═════ Data section
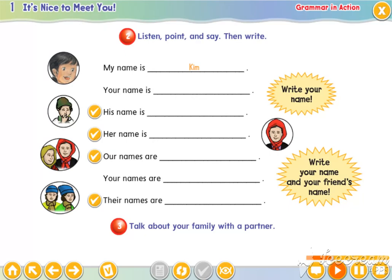Her name is Jasmine. Our names are Jasmine and Kim. Your names are... Their names are Judy and Rose. His name is... Okay, good.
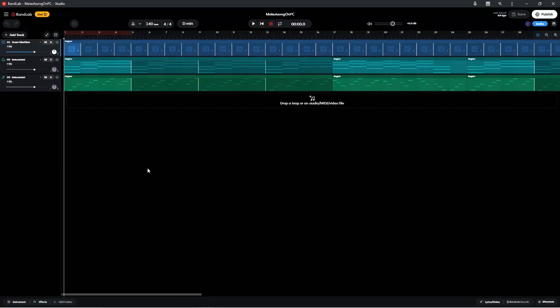To record your vocals you will need a microphone. My laptop has a 3.5mm headset input so I can use a headset with a microphone. Or you can use a USB mic and a pair of headphones that don't have a microphone.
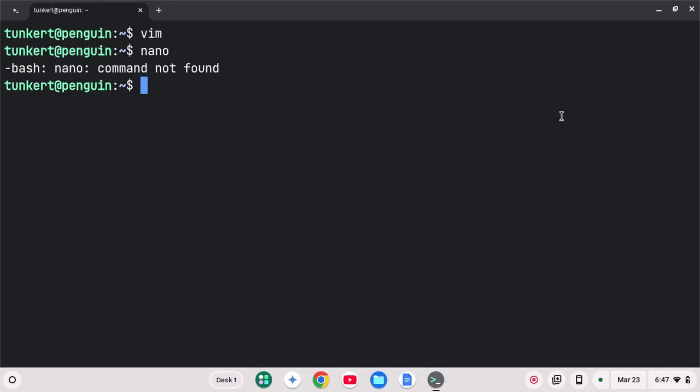And that's pretty much it. Now you have Linux installed. You can install stuff. This is Debian Linux, so you can install stuff via .deb files as well. And get going and run your favorite Debian Linux programs on a Chromebook.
══════════
## Problem details:
In the copy, include exactly the lines from the one with "To record your" through the final line of the data, both ends included, and no pictures.

## Answer to the exercise:
To record your vocals you will need a microphone. My laptop has a 3.5mm headset input so I can use a headset with a microphone. Or you can use a USB mic and a pair of headphones that don't have a microphone.
And that's pretty much it. Now you have Linux installed. You can install stuff. This is Debian Linux, so you can install stuff via .deb files as well. And get going and run your favorite Debian Linux programs on a Chromebook.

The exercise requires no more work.